I actually had a doctor share his income tax records with me for a couple of years. He had been a nurse before getting his M.D. His claim (which I found hard to believe) was that a well paid nurse can actually make as much money -- allowing for cost and lifestyle differences -- as a doctor can. I found that very difficult to fathom. Then he showed me his tax returns. After expenses (including the cost of his home and Mercedes, which he admitted are the kinds of things too many doctors think they are "expected" to have) I actually HAD more money left over than him in one of those two years, and the other year was a very close tie (less than $2,000 difference). He had grossed over $800,000 in his practice the year that I had more disposable income than he did.

It really isn't the hospitals that put doctors in these situations, nor is it just the doctors themselves -- it results from many factors; however, the hospitals and the doctors themselves DID play A role in it and both will have to play a key role in finding ways to change it.

Health care is largely a "numbers-based" industry from the perspective of those who control the purse strings. If doctors and hospitals can produce equal (preferably BETTER, but at least equal) levels of quality in terms of outcomes, measured in such terms as average length of stay, complications, death and comorbidity rates, cost of care, etc., while presenting better models for providing care, HCFA and others will see the benefits and go along, supporting it by actually paying for it. But they refuse to pay more (or even as much as before in many situations) just to keep getting the same results.

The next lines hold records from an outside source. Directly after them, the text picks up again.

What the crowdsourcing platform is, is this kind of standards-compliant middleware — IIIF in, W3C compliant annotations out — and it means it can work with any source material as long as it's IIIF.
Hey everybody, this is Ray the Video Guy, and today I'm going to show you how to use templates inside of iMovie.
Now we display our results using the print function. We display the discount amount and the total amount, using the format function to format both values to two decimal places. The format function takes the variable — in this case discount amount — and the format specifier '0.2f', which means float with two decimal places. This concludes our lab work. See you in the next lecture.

It's a very complex system with lots of participants and factors. Sadly, when it's all said and done, it ends up being more about money than patient well-being. No margin = no mission.

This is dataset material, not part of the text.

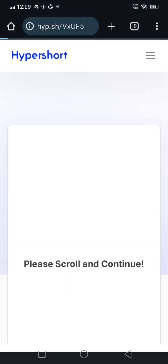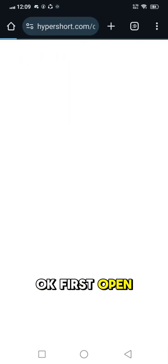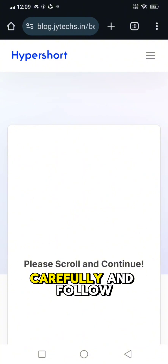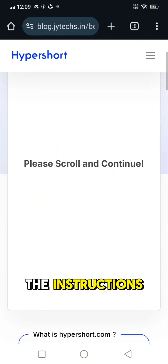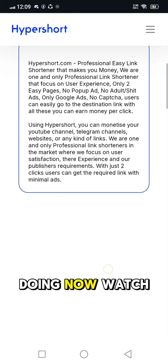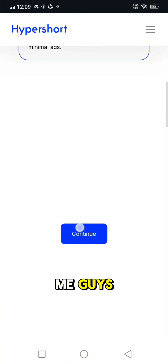Make sure to watch the whole video. Okay, first open the link, then just read carefully and follow the instructions, like what I'm doing now. Watch me guys.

But that has to change. The health care industry has an acute need for people like Tom Peters, Leland Kaiser, and others to fight on the front of real quality from a patient's perspective. And as much as I hate "politics," it's a very, very real factor in the equation, as we need people lobbying for a combination of investments in better models of care while at least keeping hospitals in business while they work on it.

The hospitals must be doing their part, too, by actually finding ways to achieve the increases in quality of care. There is WAY TOO MUCH FINGER POINTING in the health care industry.

Rare but beautiful is the health care team that says "WE are all in this together and WE must find a better way." The more commonly heard words go something like "YOU have got to shape up or you're going to put US out of business."

Whenever I hear someone using the "What YOU are doing to US" type of terminology without recognizing and addressing the "WE" aspect, my stomach turns.